Melanoma Skin Cancer Detection

Abstract

In cancer, there are over 200 different forms. Out of 200, melanoma is the deadliest form of skin cancer. The diagnostic procedure for melanoma starts with clinical screening, followed by dermoscopic analysis and histopathological examination. Melanoma skin cancer is highly curable if it gets identified at the early stages. The first step of Melanoma skin cancer diagnosis is to conduct a visual examination of the skin's affected area. Dermatologists take the dermatoscopic images of the skin lesions by the high-speed camera, which have an accuracy of 65-80% in the melanoma diagnosis without any additional technical support. With further visual examination by cancer treatment specialists and dermatoscopic images, the overall prediction rate of melanoma diagnosis raised to 75-84% accuracy. The project aims to build an automated classification system based on image processing techniques to classify skin cancer using skin lesions images.

Problem Statement

In the skin biopsy, the dermatologist takes some part of the skin lesion and examines it under the microscope. The current process takes almost a week or more, starting from getting a dermatologist appointment to getting a biopsy report. The aims to shorten the current gap to just a couple of days by providing the predictive model. The approach uses Convolutional Neural Network (CNN) to classify nine types of skin cancer from outlier lesions images. This reduction of a gap has the opportunity to impact millions of people positively.

Motivation

The overarching goal is to support the efforts to reduce the death caused by skin cancer. The primary motivation that drives the project is to use the advanced image classification technology for the well-being of the people. Computer vision has made good progress in machine learning and deep learning that are scalable across domains.

Dataset

The dataset consists of 2357 images of malignant and benign oncological diseases, which were formed from the International Skin Imaging Collaboration (ISIC). All images were sorted according to the classification taken with ISIC, and all subsets were divided into the same number of images.

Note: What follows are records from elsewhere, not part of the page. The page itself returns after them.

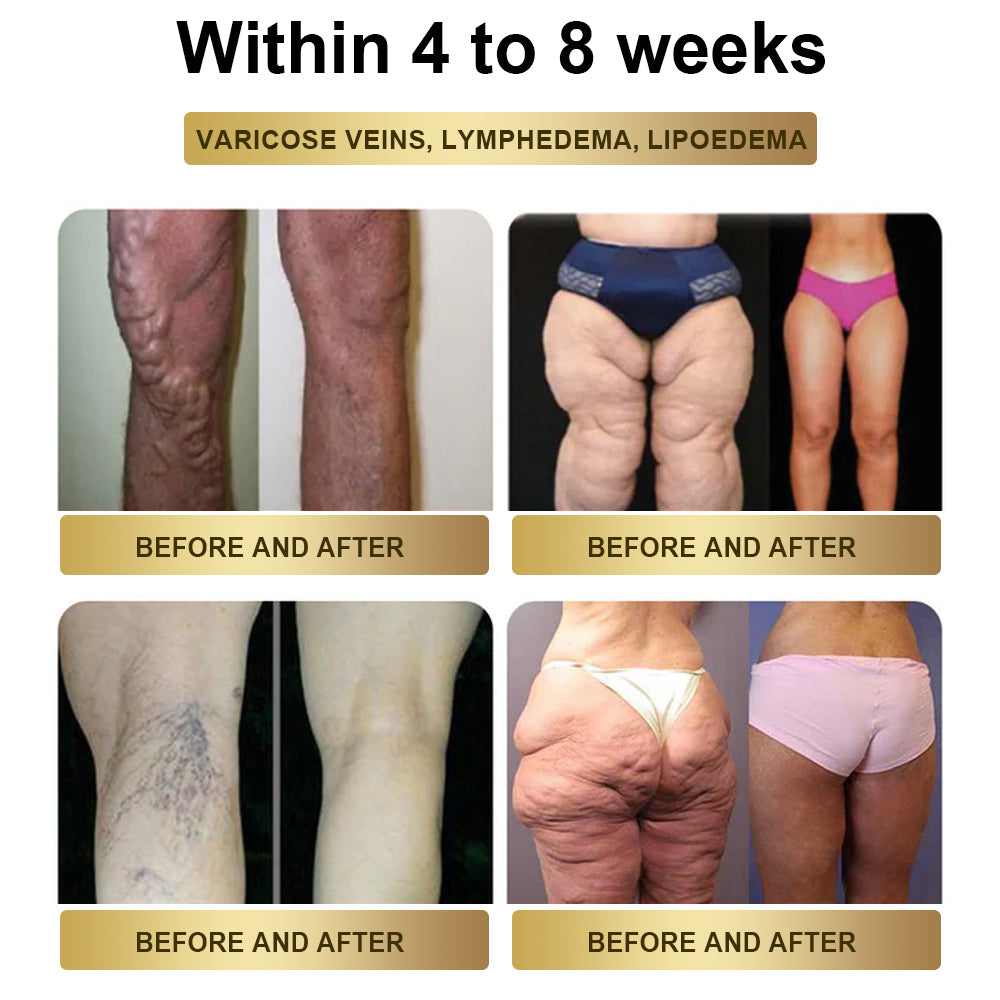 Hurry, only 10 bottles left! Get 50% off and start your journey to a healthier you! 🎯 With every purchase, you have a 50% chance to win a $50 gift! 🎁 Don’t miss out—this deal won’t return until next year! ⏳ Act fast!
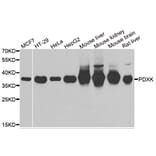 Western blot - PDXK antibody from Signalway Antibody (39101) - Antibodies.com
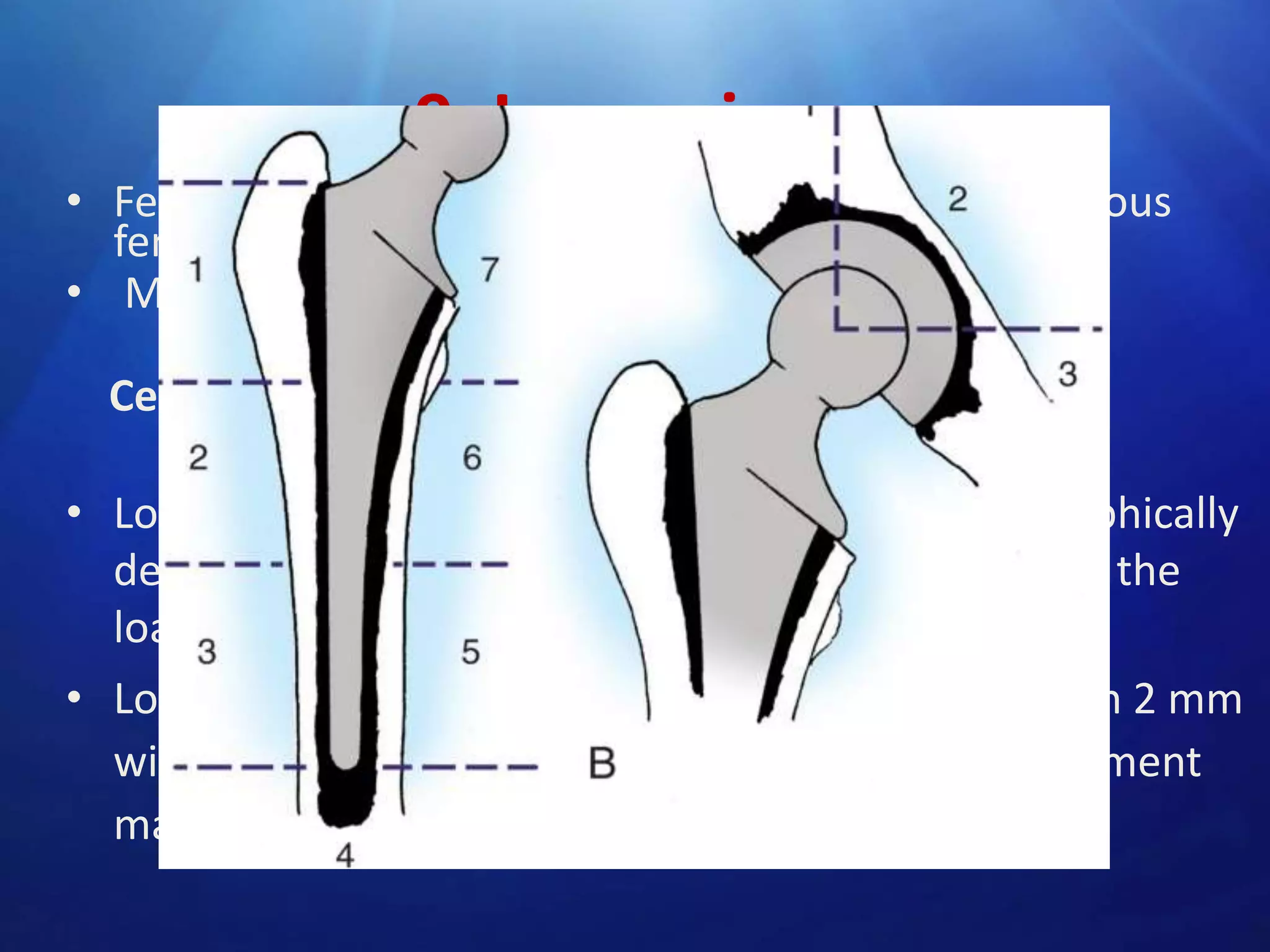 9. Loosening :
• Femoral and acetabular loosening are the most serious
femoral and acetabular long-term complications.
• Most common indications for revision arthroplasty.
Cemented femoral loosening :

• Loosening of a femoral stem as defined as radiographically
demonstrable change in the mechanical integrity of the
load carrying cemented femoral component.
• Loosening is present if a radiolucent zone more than 2 mm
wide is seen. Especially if noted about the entire cement
mass and if it is increased progressively in width.

 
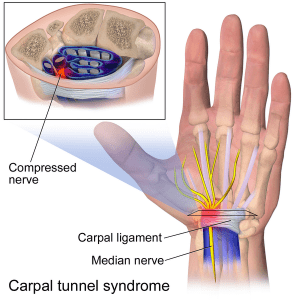 Best mouse outlet for carpal tunnel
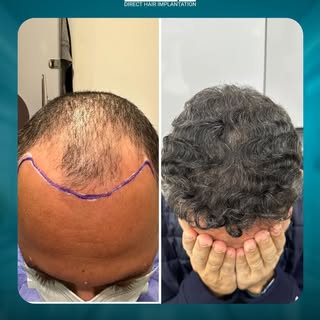 .
A new masterpiece of Hair Implantation at DHI Egypt ... where every detail creates a natural, time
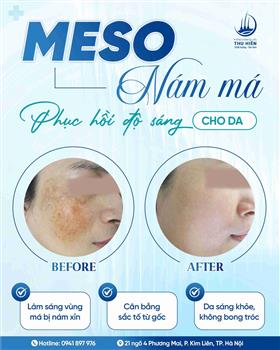 MESO NÁM MÁ - PHỤC HỒI ĐỘ SÁNG CHO DA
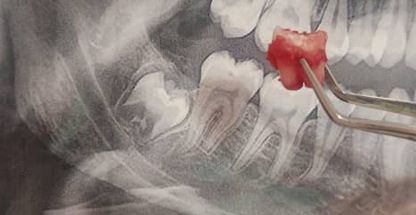 کلینیک دندانپزشکی دکتر امیر خداداد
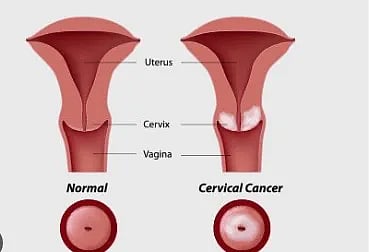 cervical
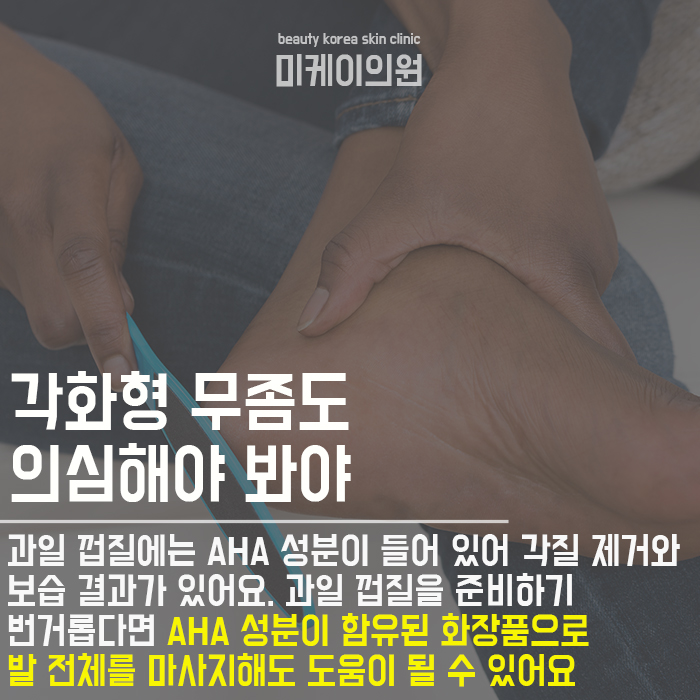 발뒤꿈치관리법 홈케어가 어렵다면 관련 이미지 3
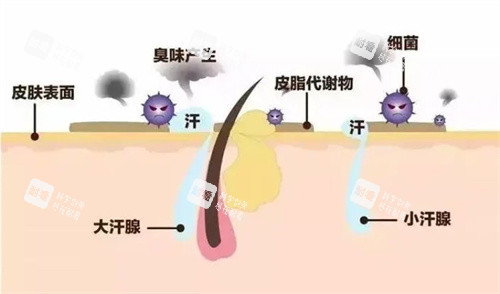 狐臭怎么产生的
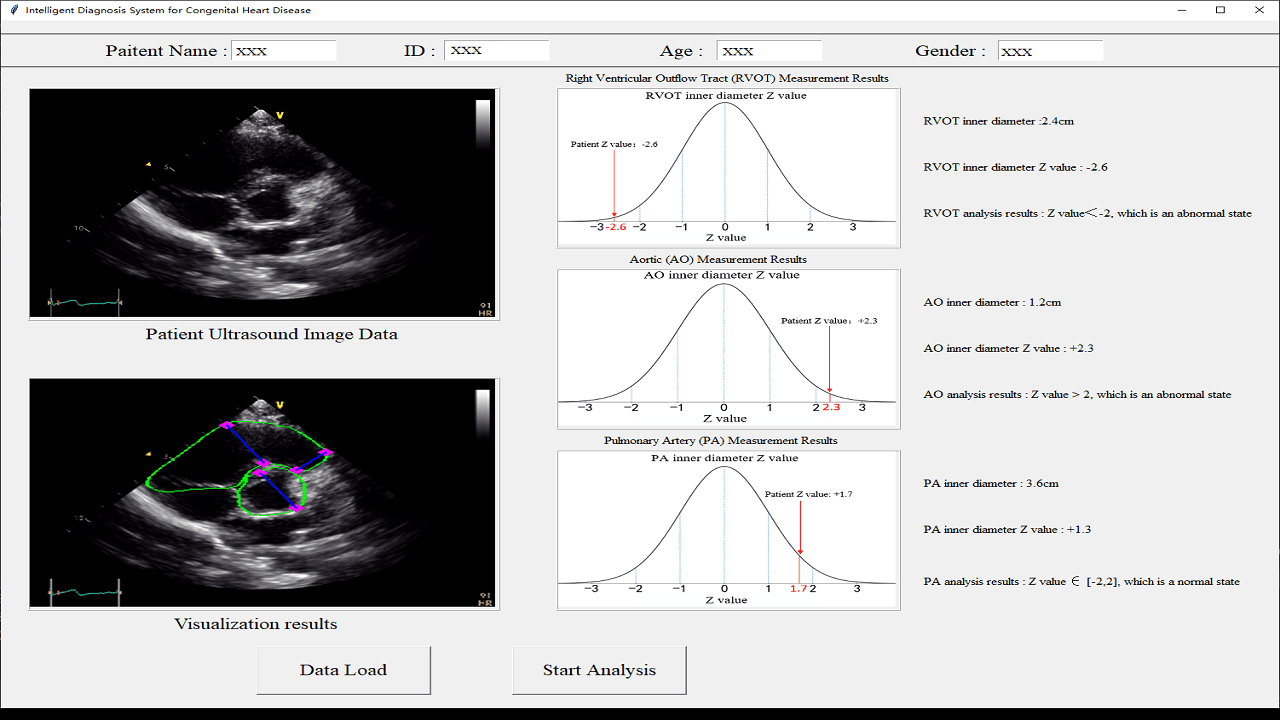 Infant CHD Intelligent Diagnosis Platform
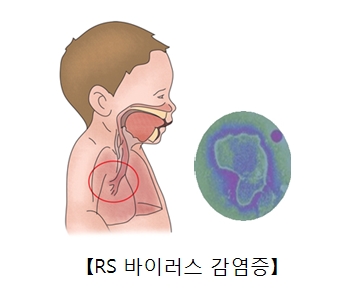 RS바이러스 감염증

The data set contains the following diseases:

To overcome the issue of class imbalance, used a python package Augmentor (https://augmentor.readthedocs.io/en/master/) to add more samples across all classes so that none of the classes have very few samples.

Sample image from Dataset

CNN Architecture Design

To classify skin cancer using skin lesions images. To achieve higher accuracy and results on the classification task, I have built custom CNN model.

Rescalling Layer - To rescale an input in the [0, 255] range to be in the [0, 1] range.
Convolutional Layer - Convolutional layers apply a convolution operation to the input, passing the result to the next layer. A convolution converts all the pixels in its receptive field into a single value. For example, if you would apply a convolution to an image, you will be decreasing the image size as well as bringing all the information in the field together into a single pixel.
Pooling Layer - Pooling layers are used to reduce the dimensions of the feature maps. Thus, it reduces the number of parameters to learn and the amount of computation performed in the network. The pooling layer summarises the features present in a region of the feature map generated by a convolution layer.
Dropout Layer - The Dropout layer randomly sets input units to 0 with a frequency of rate at each step during training time, which helps prevent overfitting.
Flatten Layer - Flattening is converting the data into a 1-dimensional array for inputting it to the next layer. We flatten the output of the convolutional layers to create a single long feature vector. And it is connected to the final classification model, which is called a fully-connected layer.
Dense Layer - The dense layer is a neural network layer that is connected deeply, which means each neuron in the dense layer receives input from all neurons of its previous layer.
Activation Function(ReLU) - The rectified linear activation function or ReLU for short is a piecewise linear function that will output the input directly if it is positive, otherwise, it will output zero.The rectified linear activation function overcomes the vanishing gradient problem, allowing models to learn faster and perform better.
Activation Function(Softmax) - The softmax function is used as the activation function in the output layer of neural network models that predict a multinomial probability distribution. The main advantage of using Softmax is the output probabilities range. The range will 0 to 1, and the sum of all the probabilities will be equal to one.